L'adulte victime d'une perte dans des conditions traumatiques
La perte d’un proche doublée de circonstances traumatisantes aggrave la symptomatologie du deuil. Celui-ci risque d’être bloqué en situation aiguë. De plus, l’absence de demande d’aide ne permet pas d’agir le plus rapidement possible, comme tous les spécialistes le prônent aujourd’hui. jCette paralysie des fonctions physiologiques et psychologiques est contemporaine d’un autre mécanisme de défense contre la réactivation de l’angoisse. La dissociation péritraumatique correspond à un processus primaire trouvé dans les situations hautement stressantes. L’impuissance totale devant l’événement traumatique est doublée d’une « indifférence » à la situation. Le fait que des états de mort imminente déclenchent le même processus laisse penser que, face à une mort probable, le sujet, plutôt que de sombrer dans l’angoisse, s’écarte mentalement de la scène. Il devient ainsi son propre spectateur. Certains neurologues ont interprété la dissociation péritraumatique comme une protection cérébrale contre la douleur. Des endorphines permettent de ne pas ressentir la douleur pendant un stress majeur. La dissociation défensive est contemporaine de la menace de mort du sujet. Les Near Death Experiences (expériences de mort imminente) sont aussi des traumatismes (avec arrêt cardiaque) hautement stressants qui concernent bien l’irruption de sa mort. Les descriptions données par les personnes à la limite de la mort sont tout à fait proches de notre dissociation péritraumatique. En revanche, lorsque le sujet n’est pas menacé, ce phénomène n’a pas lieu.

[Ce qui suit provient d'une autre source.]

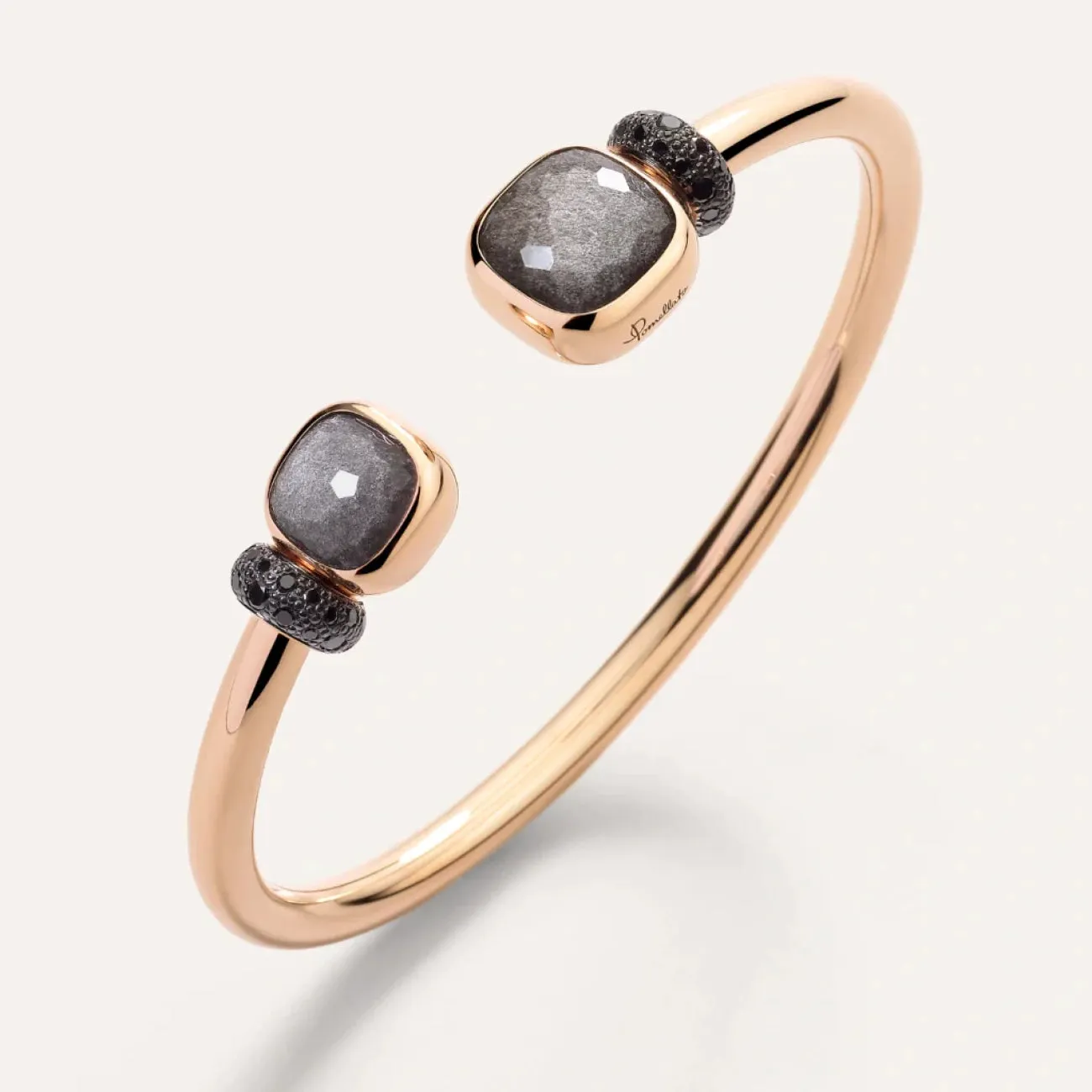 Nudo 18K Rose Gold Obsedian & Black Diamond Bracelet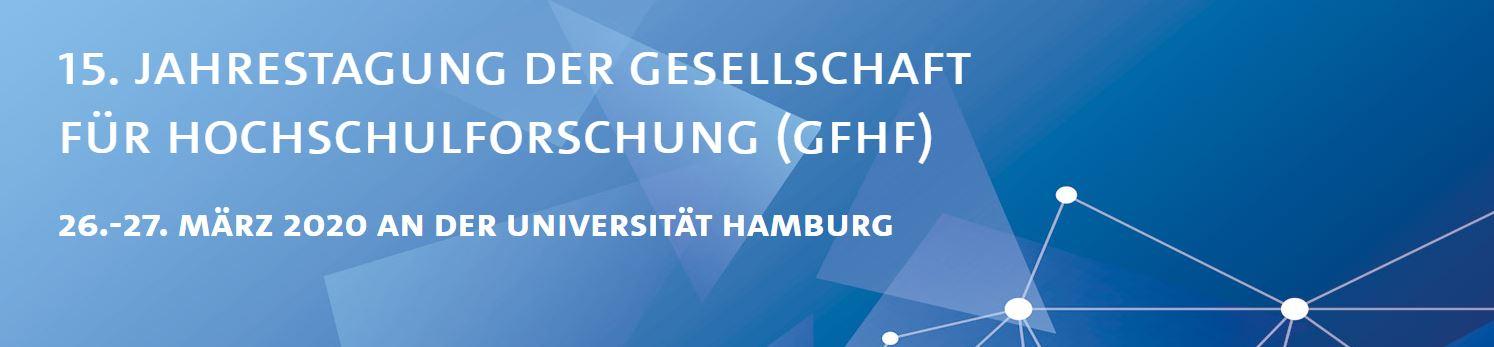 Logo zur 15. Jahrestagung der GfHf 2020 in Hamburg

Les catastrophes, les meurtres collectifs, les attentats, les génocides ajoutent encore deux dimensions comprises dans le psychosyndrome traumatique.
— La perte d’identité. Si un groupe humain est visé, la multiplication des morts donne au sujet une impression de perte de son moi. En effet, qu’est-ce qui le différencie des autres victimes ? Lui-même n’est pas visé pour ce qu’il a fait ou dit. Il risque sa vie pour une seule caractéristique (être juif, être Tutsi, être Kosovar), le reste de sa personne est nié. Les femmes violées ressentent également cette perte psychotique de leur moi : « Je n’ai pas été violée pour ce que j’ai fait… J’ai été violée parce que j’étais femme. En moi, ce sont toutes les femmes que ce criminel violait… » L’attaque de l’identité se poursuit bien après le traumatisme et doit donner lieu à un véritable travail en profondeur. Elle persiste sans doute le plus longtemps, cause de suicide tardif ou de troubles psychiatriques de longue durée.
— Le sentiment de la mort aléatoire. Les personnes qui ont assisté à la mort des autres victimes de la catastrophe, celles qui ont survécu « de justesse » et le plus souvent par hasard, conservent une forme de culpabilité qui touche également leur identité, mais à l’inverse de précédemment. « Pourquoi moi, ai-je survécu ? » L’absence de raison est souvent encore pire que la question… Jehanne de Montigny se demande : « J’avais détaché ma ceinture. L’hôtesse nous avait demandé de la garder attachée. Mais, parmi les passagers, certains qui l’avaient gardée sont morts, tandis que d’autres qui avaient fait comme moi sont morts aussi… Pourquoi suis-je restée vivante ?» A plusieurs reprises, elle blâme cette destinée : « Si au moins j’étais morte, je n’aurai pas eu ces cinq années supplémentaires de souffrances… », elle envie la malheureuse hôtesse, qui a tout fait pour que les passagers soient sauvés, et qui pourtant est morte dans l’accident… Ce questionnement n’a en effet pas de réponse mais peut trouver un accompagnement au sein des groupes de victimes. La survie « par chance » pouvant potentiellement se transformer en culpabilité supplémentaire : « Aucune de mes qualités intrinsèques ne m’a sauvé la vie, le pur hasard a joué en ma faveur. » Seul le partage des affects limite la culpabilité, majorée par la solitude du rescapé.